Intentions of Murder exudes a smothering feeling of sinister fate that reminded me of the irresistible evil power at work in the movie Hereditary, but minus the supernatural. Like I said, it could be viewed as a sort of naturalist horror story. This naturalism is amplified by gritty location shooting accented with some eerie in-camera hallucination sequences as Sadako cracks up due to her traumas. 
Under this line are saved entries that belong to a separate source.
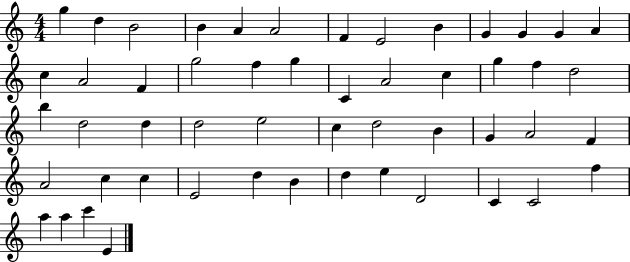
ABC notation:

X:1
T:Untitled
M:4/4
L:1/4
K:C
g d B2 B A A2 F E2 B G G G A c A2 F g2 f g C A2 c g f d2 b d2 d d2 e2 c d2 B G A2 F A2 c c E2 d B d e D2 C C2 f a a c' E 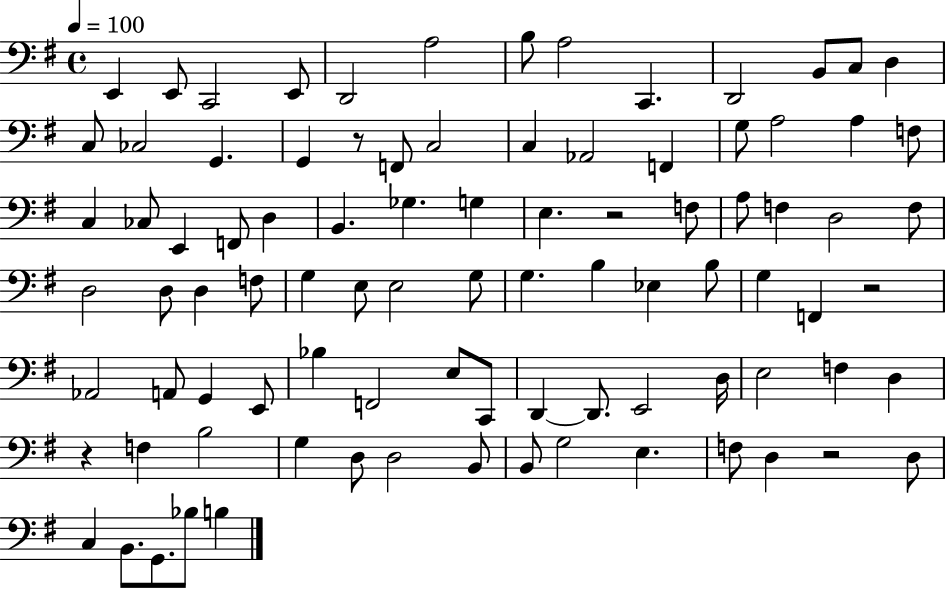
{
  \clef bass
  \time 4/4
  \defaultTimeSignature
  \key g \major
  \tempo 4 = 100
  e,4 e,8 c,2 e,8 | d,2 a2 | b8 a2 c,4. | d,2 b,8 c8 d4 | \break c8 ces2 g,4. | g,4 r8 f,8 c2 | c4 aes,2 f,4 | g8 a2 a4 f8 | \break c4 ces8 e,4 f,8 d4 | b,4. ges4. g4 | e4. r2 f8 | a8 f4 d2 f8 | \break d2 d8 d4 f8 | g4 e8 e2 g8 | g4. b4 ees4 b8 | g4 f,4 r2 | \break aes,2 a,8 g,4 e,8 | bes4 f,2 e8 c,8 | d,4~~ d,8. e,2 d16 | e2 f4 d4 | \break r4 f4 b2 | g4 d8 d2 b,8 | b,8 g2 e4. | f8 d4 r2 d8 | \break c4 b,8. g,8. bes8 b4 | \bar "|."
} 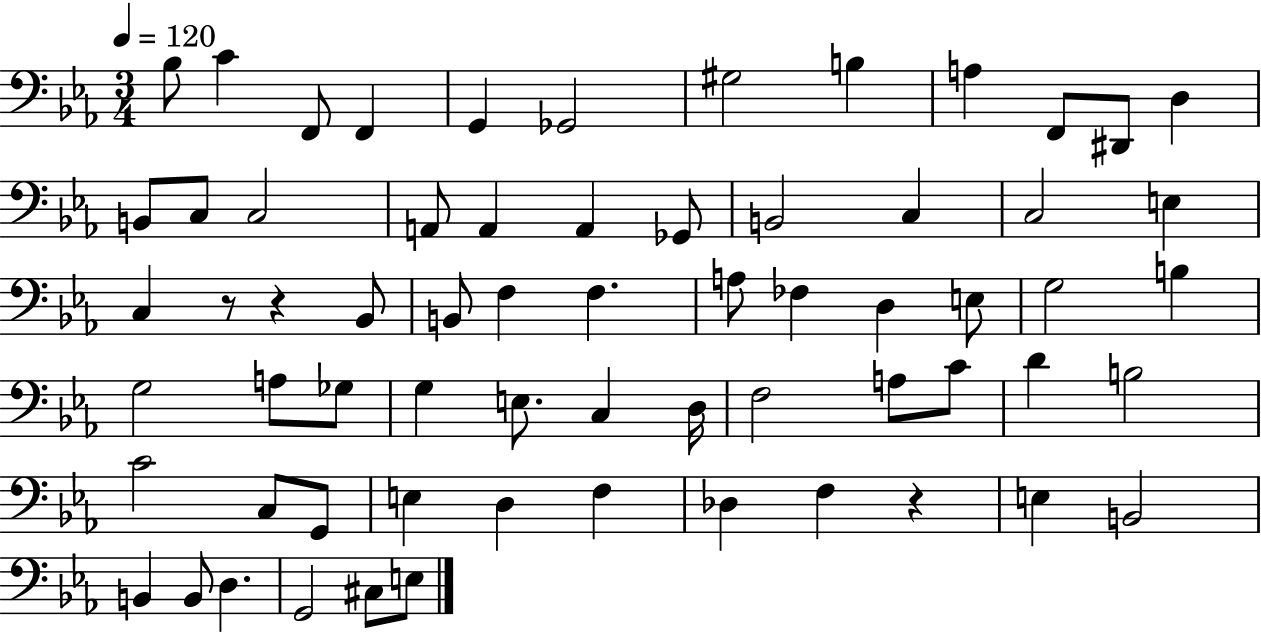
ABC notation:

X:1
T:Untitled
M:3/4
L:1/4
K:Eb
_B,/2 C F,,/2 F,, G,, _G,,2 ^G,2 B, A, F,,/2 ^D,,/2 D, B,,/2 C,/2 C,2 A,,/2 A,, A,, _G,,/2 B,,2 C, C,2 E, C, z/2 z _B,,/2 B,,/2 F, F, A,/2 _F, D, E,/2 G,2 B, G,2 A,/2 _G,/2 G, E,/2 C, D,/4 F,2 A,/2 C/2 D B,2 C2 C,/2 G,,/2 E, D, F, _D, F, z E, B,,2 B,, B,,/2 D, G,,2 ^C,/2 E,/2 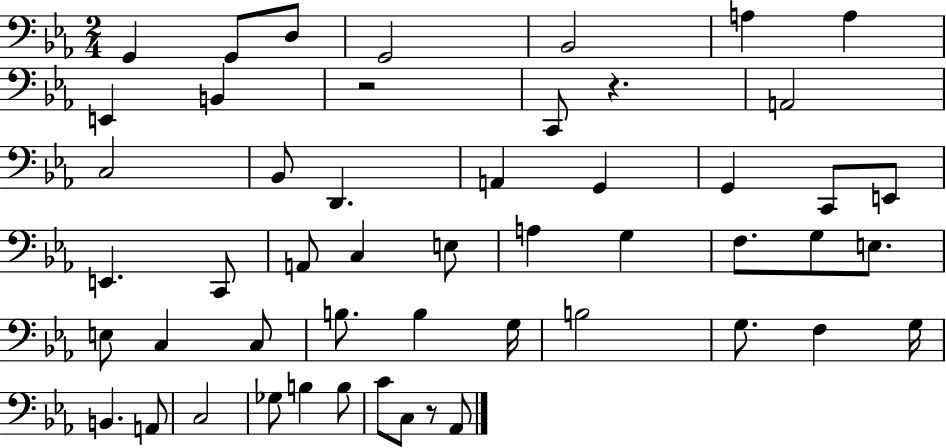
{
  \clef bass
  \numericTimeSignature
  \time 2/4
  \key ees \major
  g,4 g,8 d8 | g,2 | bes,2 | a4 a4 | \break e,4 b,4 | r2 | c,8 r4. | a,2 | \break c2 | bes,8 d,4. | a,4 g,4 | g,4 c,8 e,8 | \break e,4. c,8 | a,8 c4 e8 | a4 g4 | f8. g8 e8. | \break e8 c4 c8 | b8. b4 g16 | b2 | g8. f4 g16 | \break b,4. a,8 | c2 | ges8 b4 b8 | c'8 c8 r8 aes,8 | \break \bar "|."
} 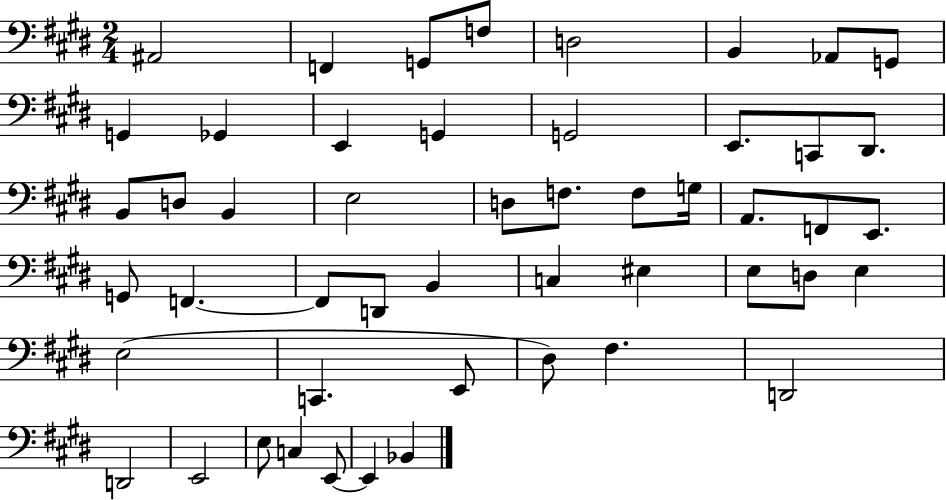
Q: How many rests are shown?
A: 0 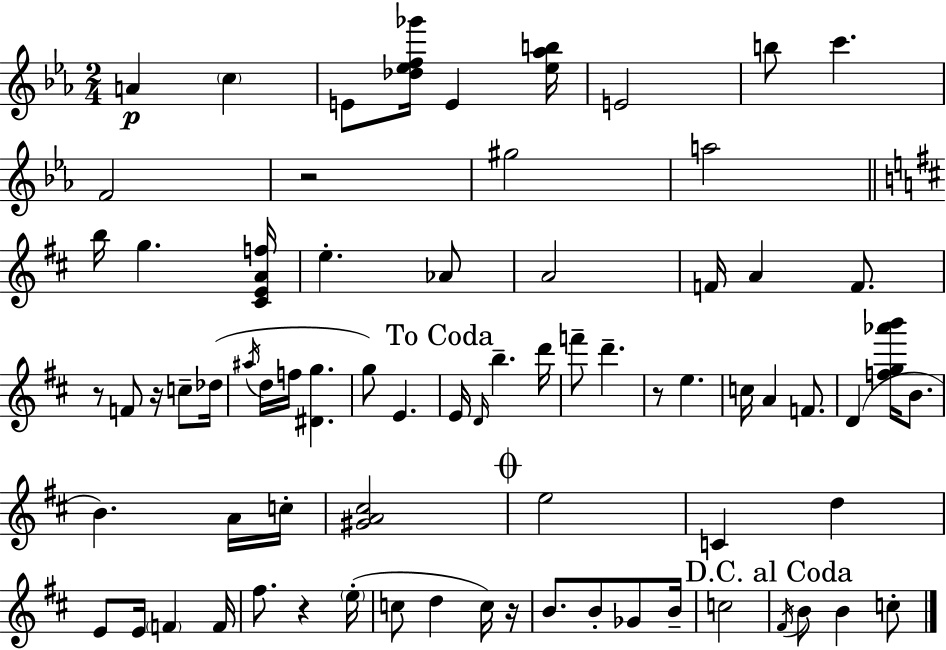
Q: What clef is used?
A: treble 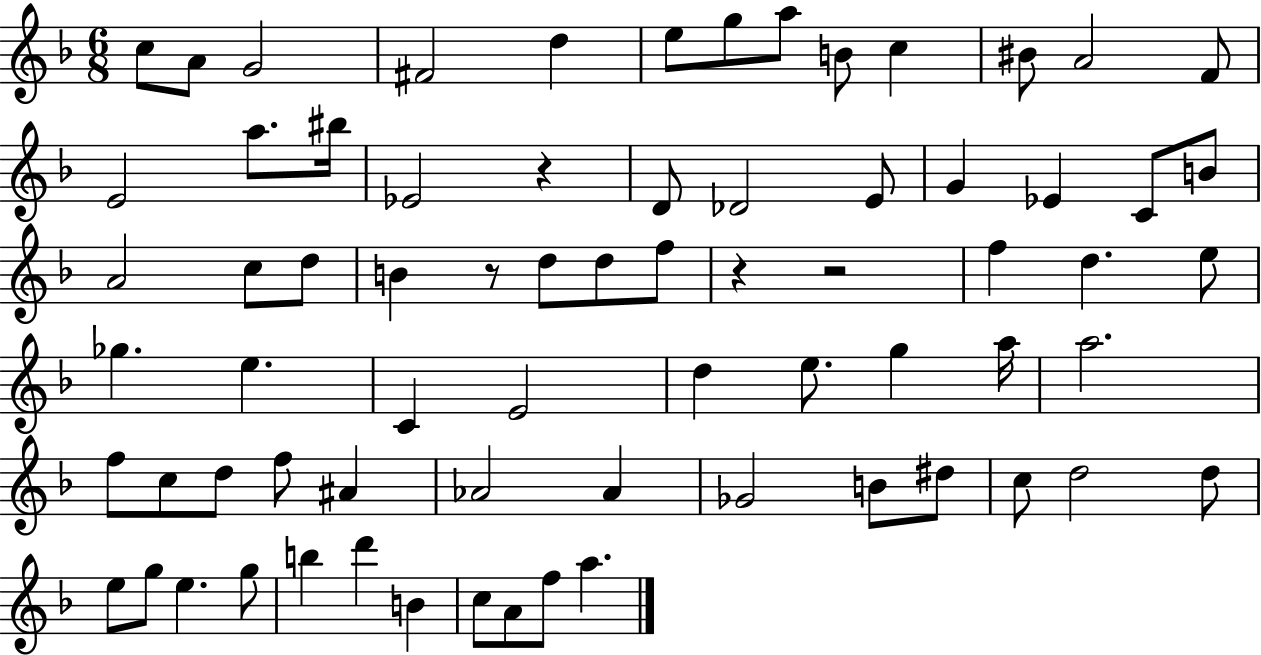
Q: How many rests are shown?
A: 4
Sadako does endure, though, despite the attacks from Riichi and Hiraoka. Whether she has any chance of escaping her situation is left ambiguous. Both of her tormentors are afflicted with serious health defects: Riichi's chronic asthma; Hiraoka seemingly steals to pay for heart medication. There's something approaching a Dick Tracy-esque moralistic logic at play here, wherein the villains have grotesque physical outer manifestations of inner failings, while our heroine, despite her descent into despair, retains a comparative vitality. These violent men are, ultimately, profoundly weak, and are only selected for survival by a bogus system of male supremacy-the same system that led the nation into a calamitous war, it should be noted. Sadako does start to earn some income as a seamstress by film's end, a task she has chosen for herself, but that's all we know for sure. In a world this cruel raw survival constitutes its own form of heroism.